It was 1943 and, unbeknownst to him, Krikorian was knee-deep in the Manhattan Project in Los Alamos.

When the United States dropped the first atomic bomb on Hiroshima, Krikorian knew then what he’d been working on.  “I thought, ‘Well, the war is going to end,’” he said. “And I hope we never have to use it again for any reason.”

The move to Los Alamos proved to be a good one. It’s where he met his wife, Katherine “Pat” Patterson, who came to Los Alamos in 1943 to work on the Manhattan Project.  

Krikorian had a notable technical career, holding six patents and publishing a range of analyses and technical assessments on everything from laser isotope separation and high-temperature reactor materials to directed-energy nuclear weapons and nuclear weapons testing. 

In the 1970s, Krikorian started working for the US intelligence.
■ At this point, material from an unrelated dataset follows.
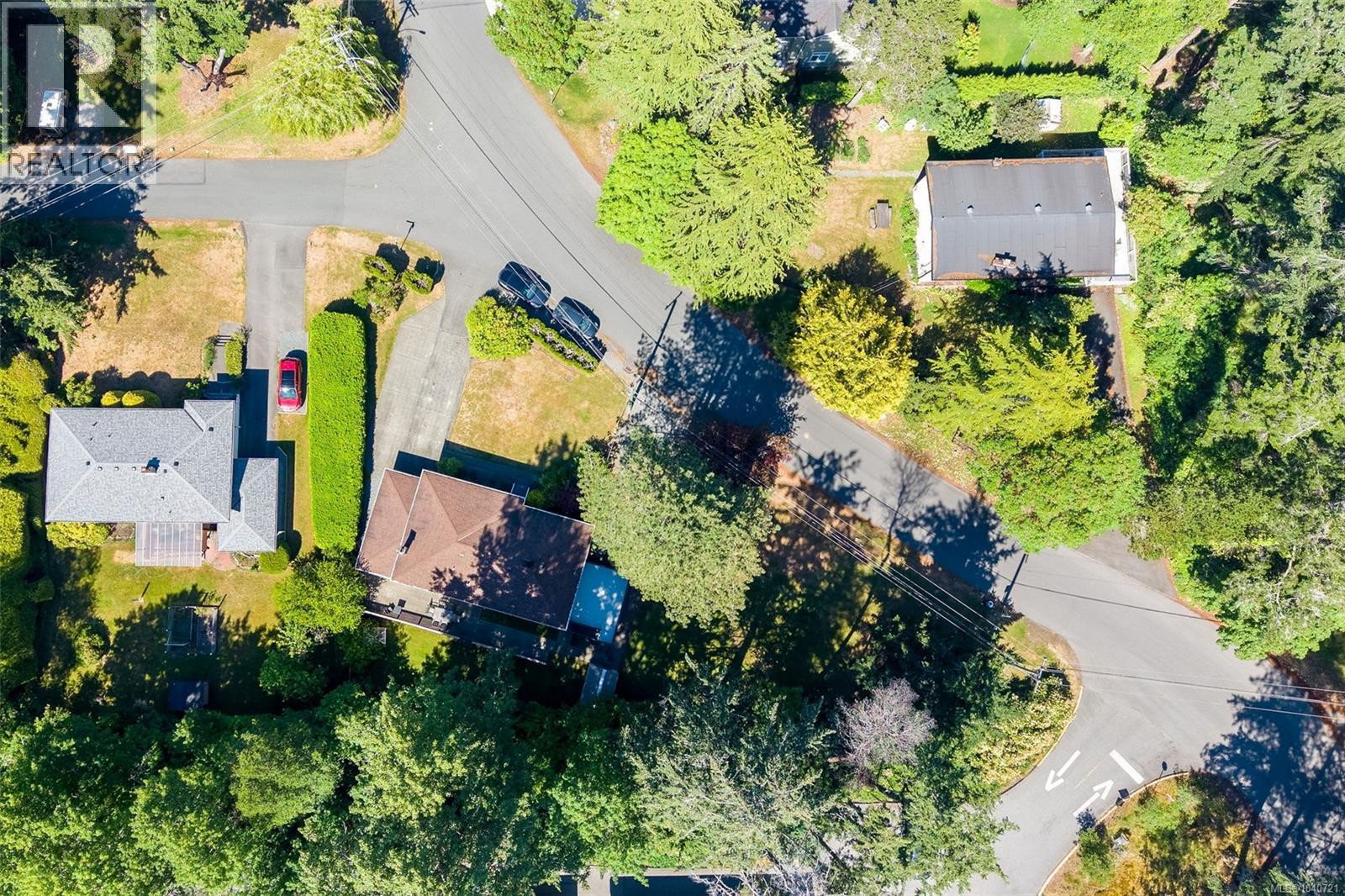 3990 Haro Rd - 2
Krikorian still marvels at the fact that he, who arrived in the United States as a boy with papers that labeled him as “stateless,” could be in charge of security for a US intelligence unit.

Krikorian’s selection for the intelligence unit was also no doubt spurred by the fact that he spoke fluent Armenian and some Russian.  When he was a child, his parents forced him to not only learn to speak and write Armenian, but to understand the country’s history, culture, and literature.

His knowledge of Russian came later, in the 1960s, while he was working on Project Rover. “To do well in high-temperature chemistry, the only books I could find were in Russian. So suddenly I’m studying Russian and translating Russian science into English.” 

Krikorian retired in 1991. Today, he looks back on his achievements – Laboratory Fellow, recipient of the Los Alamos Medal (the Laboratory’s highest honor), the CIA’s coveted Intelligence Community Medallion, two honorary doctorates, and countless other recognitions – and expresses not pride, but gratitude. 

“Things have worked out far beyond what I ever imagined. I think of my parents and wonder, ‘How did they ever do it?’ To be born on a roadside in

Turkey to this,” he said, gesturing to his home. “My parents instilled in me the importance of doing the right thing and giving back to your fellow man. I hope I’ve done that.”